The Elder Brother But what became of their elder brother? . He must have approved of his brothers’ venture and may have helped finance it; but he elected to stay in Ireland rather than go to the Delaware. By 1687 Thomas was a married man of about 40 years of age, with a large and growing young family as shown by these data. Existing records show that he, Thomas Harland, had married Katherine Bullock on 7 February 1680 in the Quaker manner at the “house of Francis Robinson in the Parish of Sego County Armagh”. “They were the parents of one son, Ananias, and four daughters Rebecca, Patience, Christian and Katherine. There is uncertainty concerning his date of death, but Quaker records at the Public Record Office in Northern Ireland [PRONI] list the burial of a Thomas Harland at Moyraverty Quaker Burial Ground (near Lurgan) in 1683.His wife died in March 1690.

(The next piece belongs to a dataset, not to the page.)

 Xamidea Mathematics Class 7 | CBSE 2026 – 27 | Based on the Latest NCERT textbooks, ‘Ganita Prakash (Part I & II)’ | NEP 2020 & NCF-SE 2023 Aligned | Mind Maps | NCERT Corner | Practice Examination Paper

Alpheus Harlan claims that after being a widower for over 12 years, Thomas Harland married his second wife, Alice Foster, of Lisnegarvy at Richard Boyes house, Ballinderry Meeting, County of Armagh, on 11 August 1702. They were the parents of two sons, James and Thomas, and of one daughter, Abigail.” There is also a 1723 reference to a Thomas Harland being given assistance by the Friends following a fire “he being too old to recoup alone” This could be our Thomas at 76 years of age.
The Quaker records also show that Thomas (c.1648, m.1680) Harland’s daughter, Patience Harland of Lurgan, married James Alderdice of Lurgan in 1707; and that Patience Allerdyce, daughter of George Allerdyce married a James Harland. Could this be Patience Alderdice’s young stepbrother? This marriage did not meet with the approval of the Meeting, because James Harland was not a Quaker, and as a consequence Patience was 'disowned'. The date of the wedding is uncertain, but that they had eight children between 1757 and 1775. Could either of their sons, George Harland, born 24 April 1761 or his brother Michael born 1 January 1765, be the missing link in a chain about to be revealed?
Although it might be assumed that there is bound to be such a link between one or all of these Harlands and those mentioned in later sections, it is certain that no such link has been proven. Indeed, because of the disastrous loss by fire of many of the Church of Ireland records in Dublin in 1922 the chance of proof seems likely to have gone forever.